Jetzt ist Ihre Meinung zu *Uncharted: Filmszene zeigt berühmten Flugzeug-Kampf aus dem Spiel* gefragt. 

Bitte beachten Sie: Der Kommentarbereich wird gemäß der  Forenregeln moderiert. Allgemeine Fragen und Kritik zu Online-Artikeln von PC Games Hardware sind im Feedback-Unterforum zu veröffentlichen und nicht im Kommentarthread zu einer News. Dort werden sie ohne Nachfragen entfernt.




			Dieser Inhalt steht nur eingeloggten Mitgliedern zur Verfügung.
        

 Zurück zum Artikel: *Uncharted: Filmszene zeigt berühmten Flugzeug-Kampf aus dem Spiel*


----------



## Andrej (8. Januar 2022)

Also derjenige, der die neue Vorschau erstellt hat, hat schon fast die ganze Geschichte erzählt und die besten Szenen gezeigt. Hätter er noch die Endszene reingebaut, dann hätte man den Film im Kino nicht mehr schauen müssen!
Welcher Depp hat denn die Abnahme gemacht und das ganze so genehmigt?!


----------



## sethdiabolos (8. Januar 2022)

Ich erwarte bei dem Film eh nur Action-Gehacktes von der Stange. War bei Tomb Raider ja auch nicht anders. Tom Holland hat sich auch beschwert, dass das ein Hin-und Her war mit dem Finden der richtigen Regisseure und dem erstellen des Settings.

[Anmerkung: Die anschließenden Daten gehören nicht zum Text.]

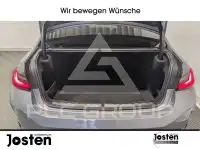2025 BMW 318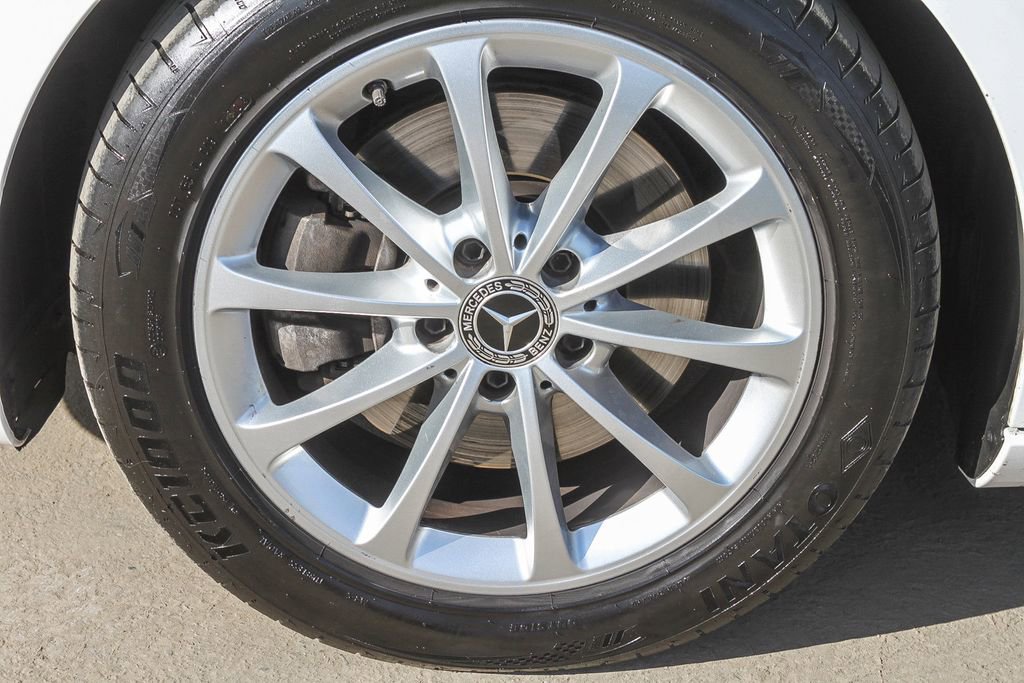 Used 2019 Mercedes-Benz A 220 image 14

Angeblich wären es nicht die richtigen Personen und alles falsch, insgeheim bezweifel ich aber, dass Holland sich mit dem Spiel beschäftigt hat, der erste Teil ist schon so alt, das Holland damals selbst noch Grundschulkind war. Eingestiegen ist er frühestens in Teil 3 und ob er die Bücher gelesen hat bezweifel ich auch ehrlich gesagt. 

Ein schöner Film mit Nathan Fillion in der Hauptrolle mit einem Setting ähnlich der alten Indiana Jones hätte ich gefeiert, noch einen CGI-Gewittersturm mit zwei Schnitten in der Sekunde und Standard-Assets brauche ich persönlich nicht.


----------



## jom1978 (8. Januar 2022)

Andrej schrieb:


> Also derjenige, der die neue Vorschau erstellt hat, hat schon fast die ganze Geschichte erzählt und die besten Szenen gezeigt. Hätter er noch die Endszene reingebaut, dann hätte man den Film im Kino nicht mehr schauen müssen!
> Welcher Depp hat denn die Abnahme gemacht und das ganze so genehmigt?!

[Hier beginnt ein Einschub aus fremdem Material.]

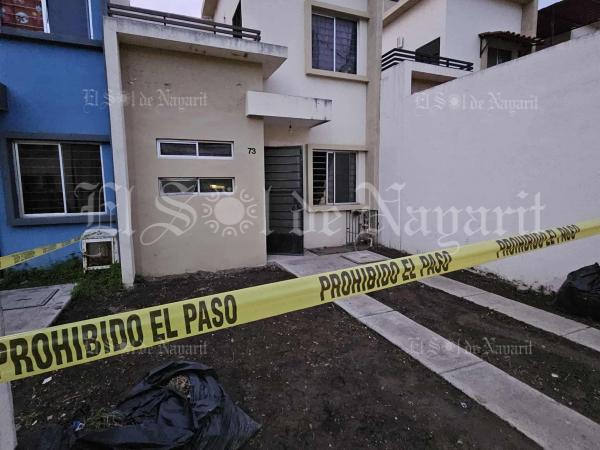 Sujetos armados revientan 2 viviendas en busca de una persona en Tepic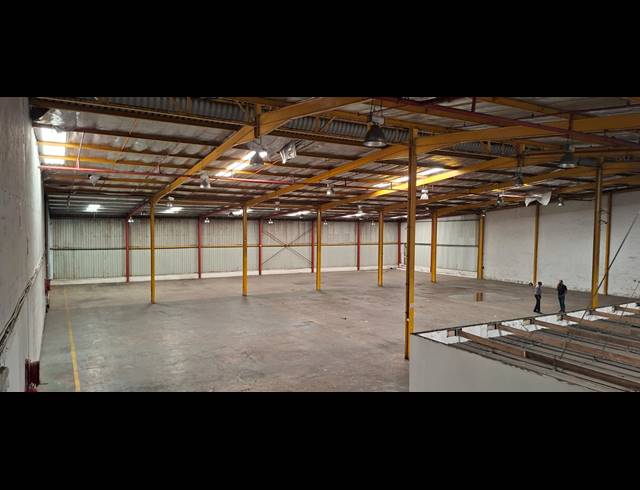1,934M² WAREHOUSE TO LET IN SPRINGFIELD PARK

Das trifft aber auf fast alle Vorschauszenen & besonders Trailer zu. 
Es gibt Trailer die es schaffen ohne etwas zu verraten einen richtig neugierig zu machen, leider habe ich kein Beispiel parat...wenn man sich dann aber die Kommentare durchliest finden viele solche Trailer überhaupt nicht gut und fragen sich dann was der Film denn jetzt erzählen will, das muss ja der letzte Scheiß sein. 
Wenn ich unschlüssig bin ob mir der Film, oder die Serie etwas taugt, dann geh ich nach der 1/3 Formel vor die ich soeben erfunden habe....geht der Trailer drei Minuten gucke ich eine.


----------



## Maasl (8. Januar 2022)

sethdiabolos schrieb:


> Ich erwarte bei dem Film eh nur Action-Gehacktes von der Stange. War bei Tomb Raider ja auch nicht anders. Tom Holland hat sich auch beschwert, dass das ein Hin-und Her war mit dem Finden der richtigen Regisseure und dem erstellen des Settings. Angeblich wären es nicht die richtigen Personen und alles falsch, insgeheim bezweifel ich aber, dass Holland sich mit dem Spiel beschäftigt hat, der erste Teil ist schon so alt, das Holland damals selbst noch Grundschulkind war. Eingestiegen ist er frühestens in Teil 3 und ob er die Bücher gelesen hat bezweifel ich auch ehrlich gesagt.
> 
> Ein schöner Film mit Nathan Fillion in der Hauptrolle mit einem Setting ähnlich der alten Indiana Jones hätte ich gefeiert, noch einen CGI-Gewittersturm mit zwei Schnitten in der Sekunde und Standard-Assets brauche ich persönlich nicht.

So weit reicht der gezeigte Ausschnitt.